Business income (loss of rents) coverage replaces the rental revenue you lose when a covered property loss — fire, storm, or other peril — makes units unrentable while you rebuild. It also pays the extra expenses of getting back to operation.

Business Income & Loss of Rents for Self-Storage

When a fire or windstorm damages a building, the repair bill is only half the loss. The other half is the rental income you can't collect while those units sit empty and under construction — income that still has to cover your mortgage, taxes, payroll, and operating costs. Business income (loss of rents) coverage replaces that lost revenue during the restoration period.

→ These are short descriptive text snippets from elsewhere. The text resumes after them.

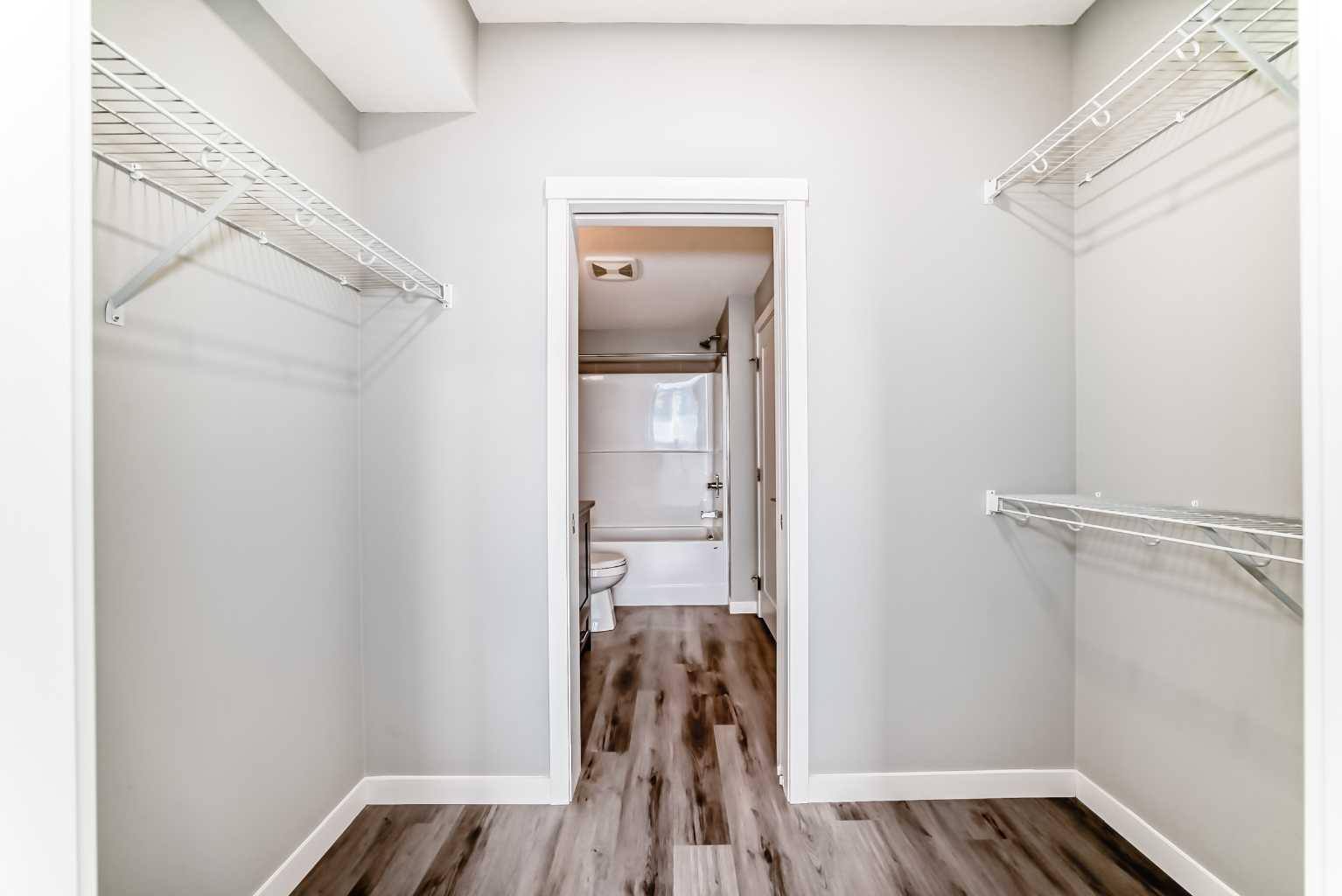 403, 200 Shawnee Square SW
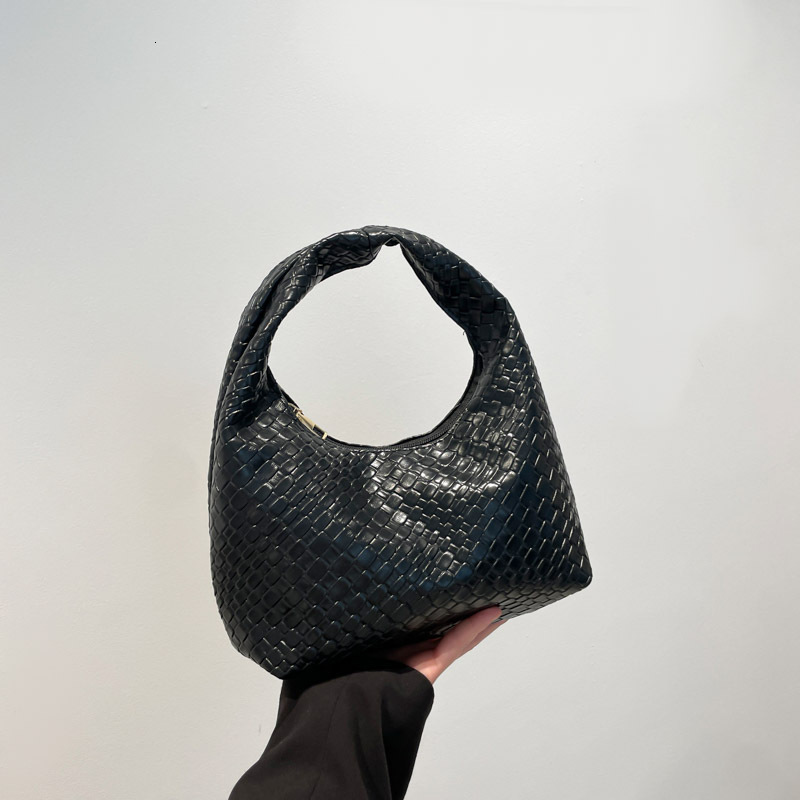 French Highend Woven Bag For New Free Delivery Designer Bag Women 2025 New Style Westernstyle Dumpling Niche Texture Commuting Luxury Bag Bag Versatil
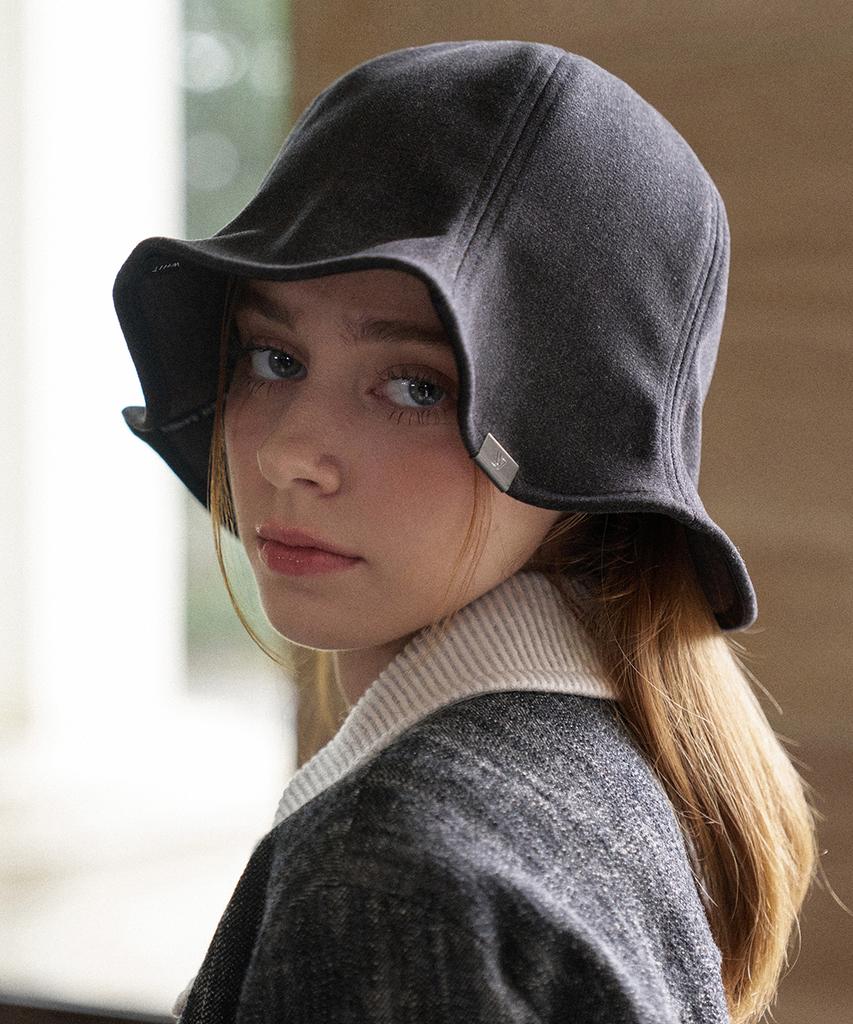 Hwaiteusaenjeu Flare Bucket Hat Ron May (4 Colors)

For a self-storage operator, this coverage is the difference between weathering a major loss and defaulting on the facility. It pays based on the rents you would have earned, typically for the time it reasonably takes to repair and re-rent the affected units, subject to your policy's restoration period and any waiting period.

Extra Expense — Getting Back Online Faster

Paired with business income, extra expense coverage pays the added costs of minimizing downtime — temporary fencing and security, expedited repairs, a temporary office, or relocating tenants within the facility. Together they keep a covered property loss from snowballing into a cash-flow crisis. We size the limit to your monthly rent roll and realistic rebuild timelines.

What's Covered

Lost rental income (loss of rents)
Continuing expenses & debt service
Extra expense to resume operations
Restoration-period coverage
Civil authority access loss
Limits matched to your rent roll

Frequently Asked Questions

How much business income coverage should a storage facility carry?

Enough to replace your gross rental income for the full time it would take to rebuild and re-rent after a major loss — often 12 months or more for a large facility. We base the limit on your actual rent roll and a realistic restoration timeline.

Does business income cover a slow rental month or a recession?

No. Business income responds only to income lost because of a covered physical loss (like a fire or storm) that makes units unusable. It does not cover ordinary vacancy, market downturns, or simply renting at a slower pace.